I wouldn't be too fooled about the "engineers" from Asia and India just yet.

We interviewed a gentleman who had a double-bachelors in mathematics and bio-chem who had been working in the tech sector and was applying for a job with my organization.

We put ALL candidates through a simple intelligence and a personality test. On the intelligence test, he missed the following question:

.77 is larger than which number:

1 10 61 .9 .99 .1

He also missed 50% of the other BASIC math tests that were on the test.

was it a language barrier? maybe.

But that being said, some significant percentage of the engineers that come from Asia, while being called "engineers", are not qualified in many cases to actually practice at the high level we expect from such a title on a global scale for many different reasons.

Steven H. Roemerman said...

Without getting into generalities or specifics, I will say that my interactions with Indian programmers have left me less than impressed.

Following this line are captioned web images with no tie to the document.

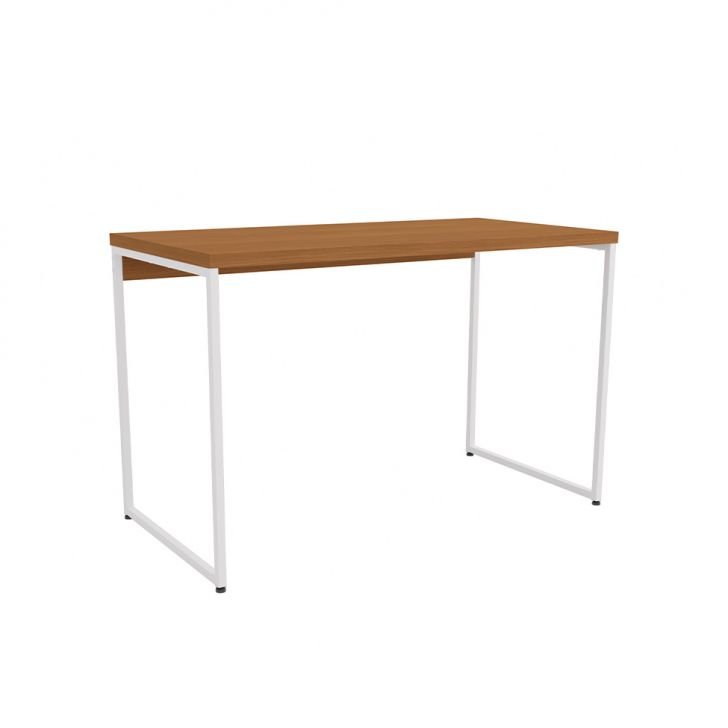 Mesa de Escritório Goya Canela e Branca 118 cm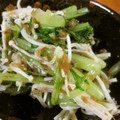 低カロ探検隊's cooksnap of when they made えのきと相性抜群!!水菜のおひたし☆.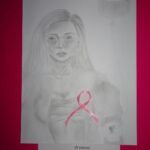 31.10.2020 Sandomierz. Prace, które wpłynęły na konkurs plastyczny organizowany przez Sandomierski Klub Amazonek / Grażyna Szlęzak-Wójcik / Radio Kielce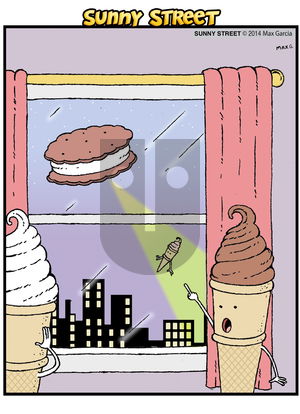 Sunny Street - Wednesday October 15, 2014 Comic Strip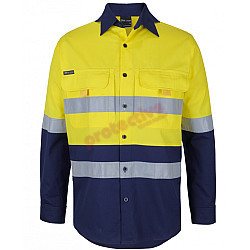 Hi Vis (Day & Night) Ripstop Long Sleeves Fishing Shirt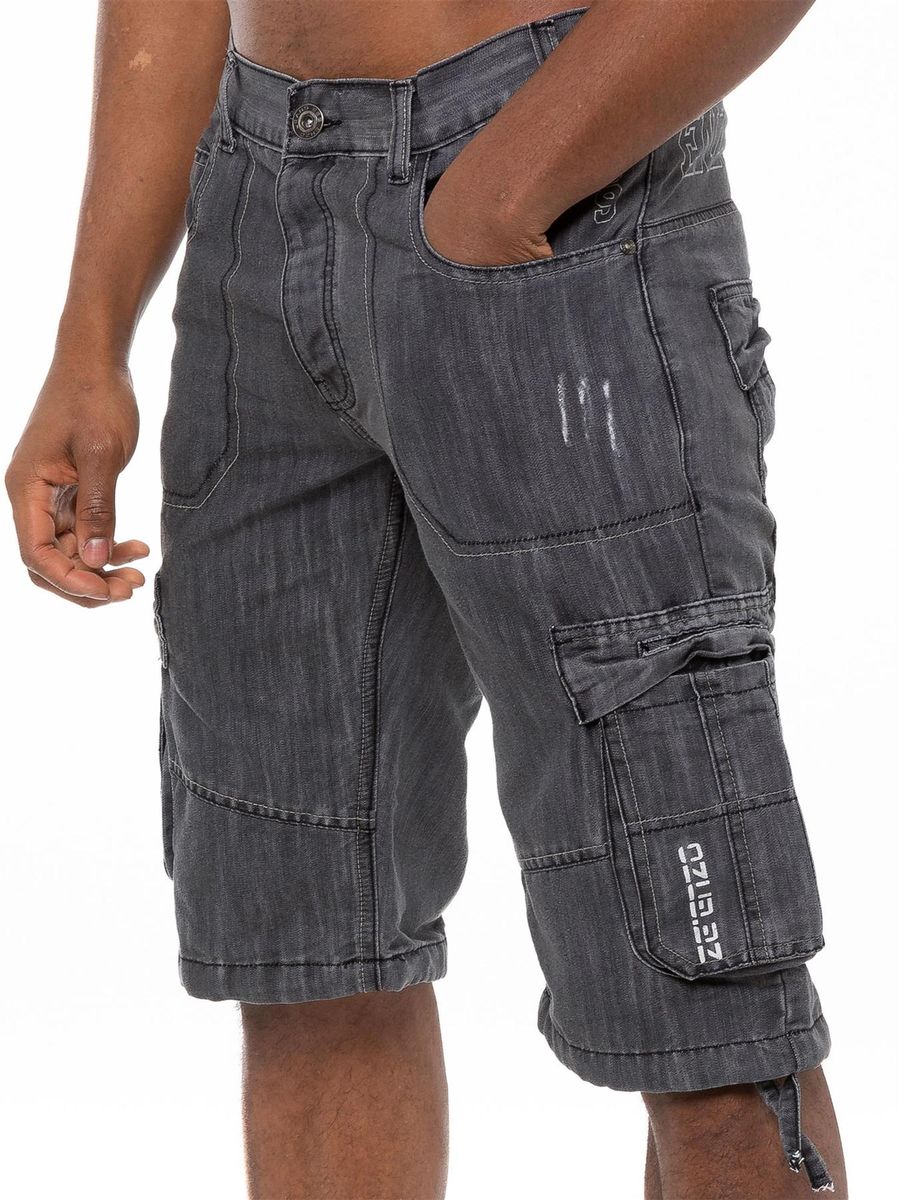 Herren Denim Cargo Combat Shorts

With that said, I've also noticed that a prevailing trend that assumes that it does not matter the quality, maintainability or extensibility of software, as long as it does what it is supposed to. "We can always re-write it for cheep."

With fewer and fewer high school students deciding to major in computer science, IT the decision makers will choose more and more often to “develop” their product offshore.

Eventually I hope that the total cost of ownership of offshore-developed software will convince companies to re-think their staffing strategy. I hope that there will be competent and qualified developers in the US to meet the need.

Kudos to Frist for his SMART grants. If he would re-think his position on stem-cell research, I could more fully support him.